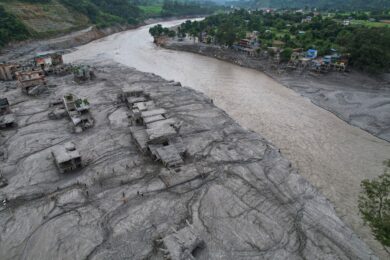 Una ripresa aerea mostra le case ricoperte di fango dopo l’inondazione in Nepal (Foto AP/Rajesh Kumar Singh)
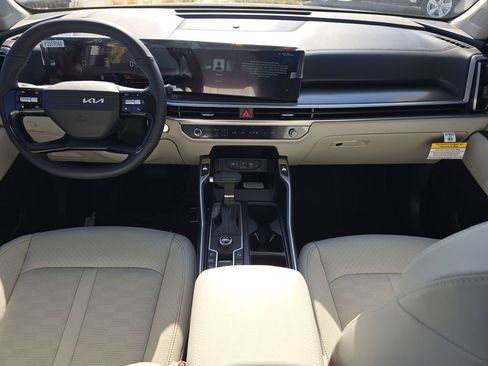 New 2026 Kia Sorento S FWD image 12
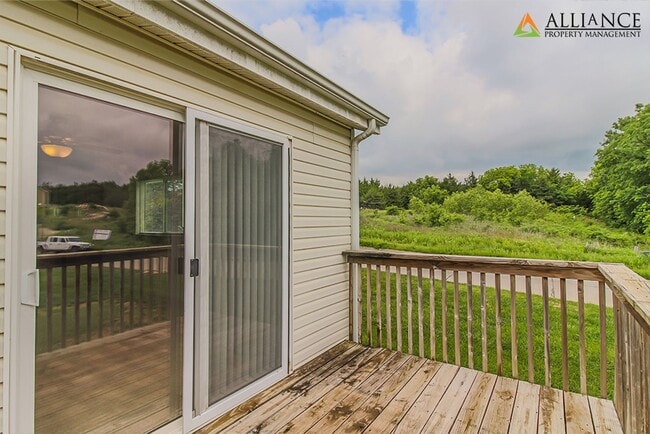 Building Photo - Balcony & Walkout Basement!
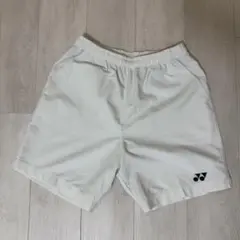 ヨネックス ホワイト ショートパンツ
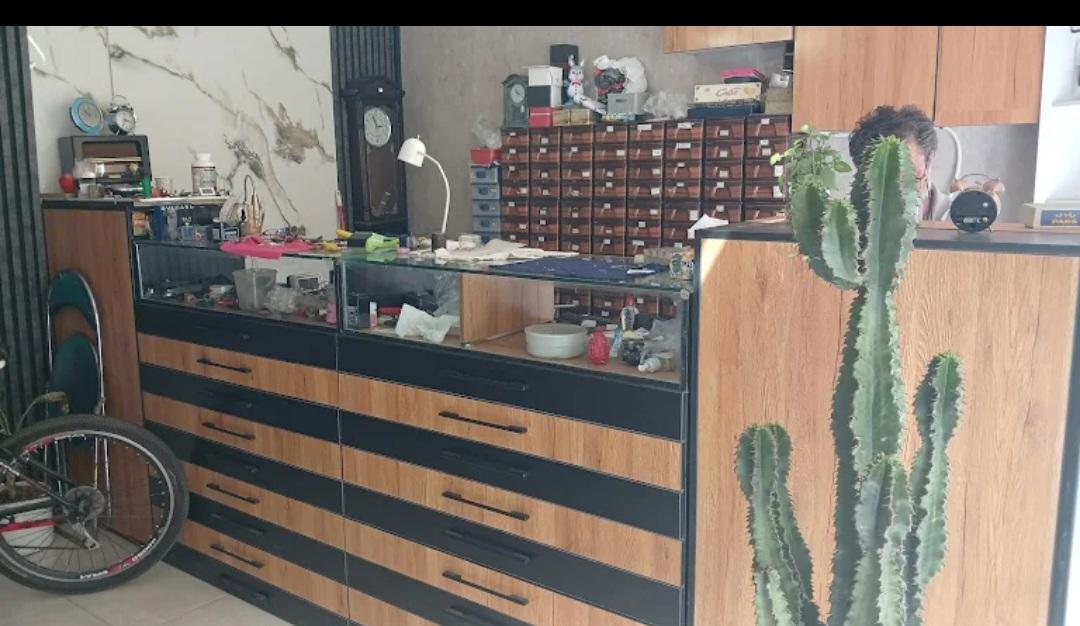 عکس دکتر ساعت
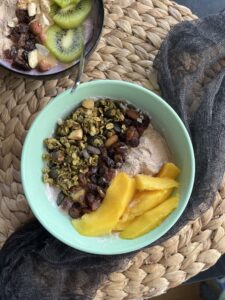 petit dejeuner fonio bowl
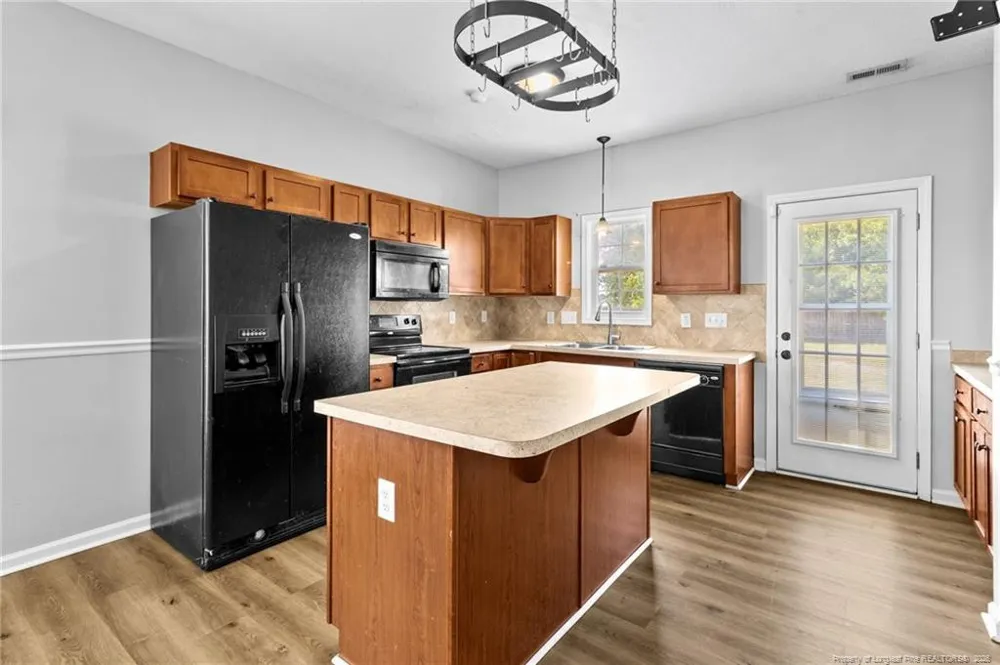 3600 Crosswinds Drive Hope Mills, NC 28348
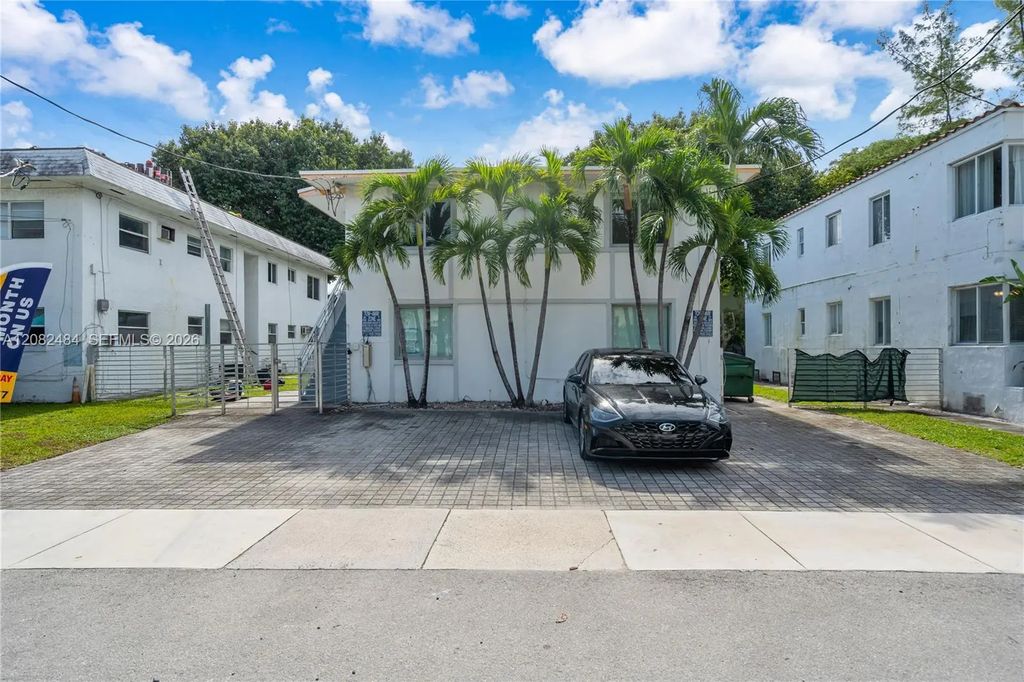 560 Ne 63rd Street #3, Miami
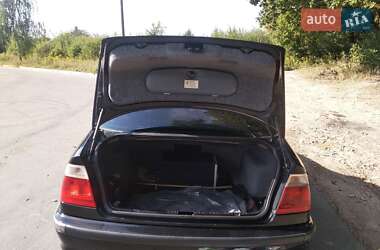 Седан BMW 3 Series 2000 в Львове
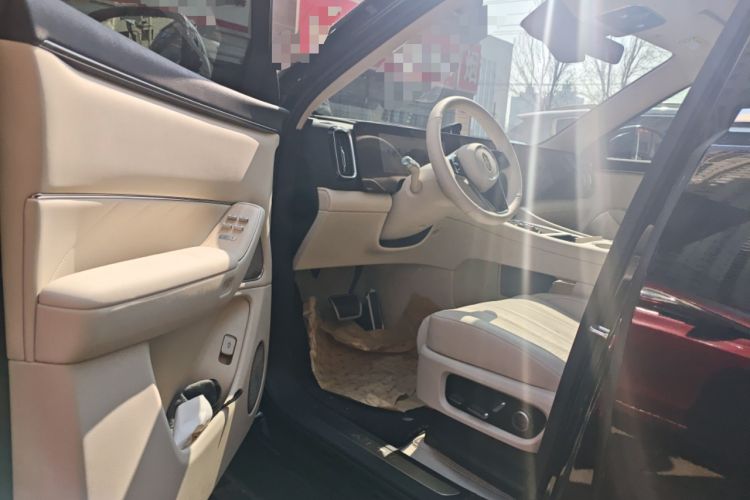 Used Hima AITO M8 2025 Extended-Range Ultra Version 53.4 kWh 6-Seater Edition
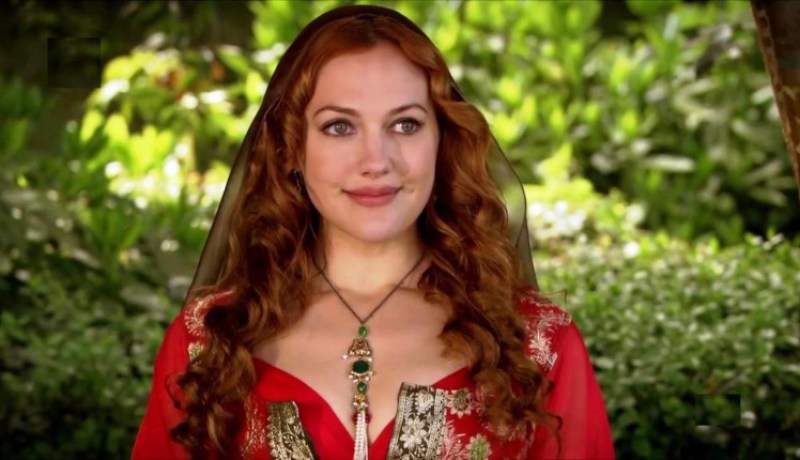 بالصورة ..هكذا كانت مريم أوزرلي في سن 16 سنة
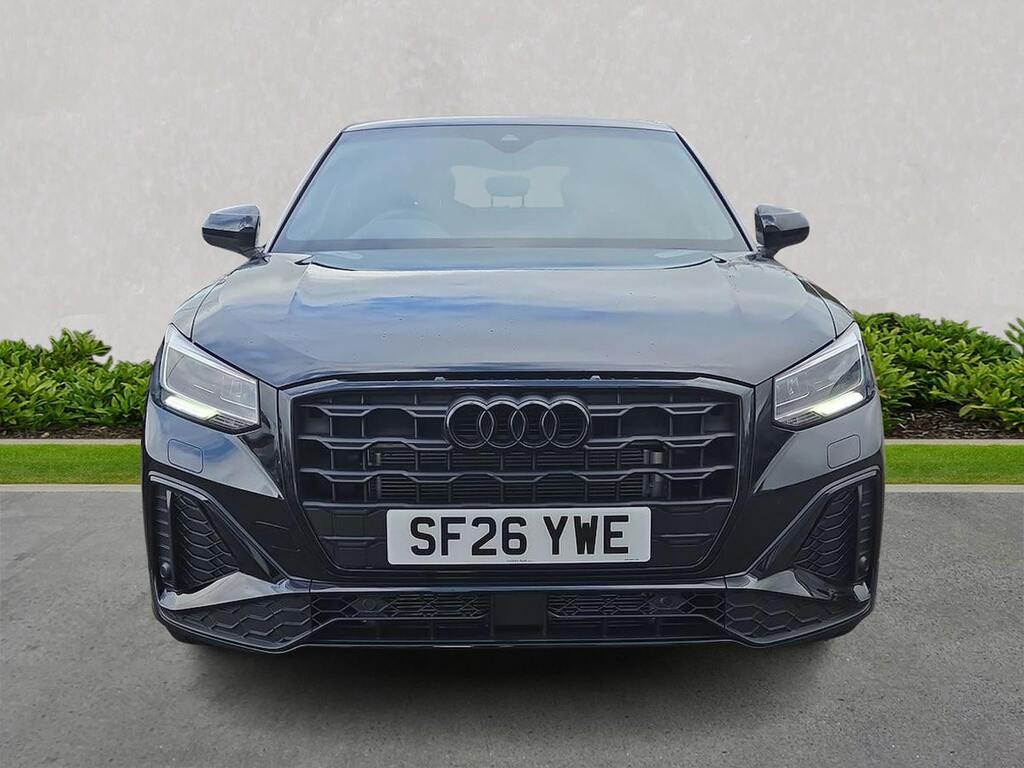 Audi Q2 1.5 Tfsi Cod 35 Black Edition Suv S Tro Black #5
════════
Task description — Copy word for word each line of the data above, from the first through the one containing "petit dejeuner fonio bowl", and include no pictures.

Your solution —
 Una ripresa aerea mostra le case ricoperte di fango dopo l’inondazione in Nepal (Foto AP/Rajesh Kumar Singh)
 New 2026 Kia Sorento S FWD image 12
 Building Photo - Balcony & Walkout Basement!
 ヨネックス ホワイト ショートパンツ
 عکس دکتر ساعت
 petit dejeuner fonio bowl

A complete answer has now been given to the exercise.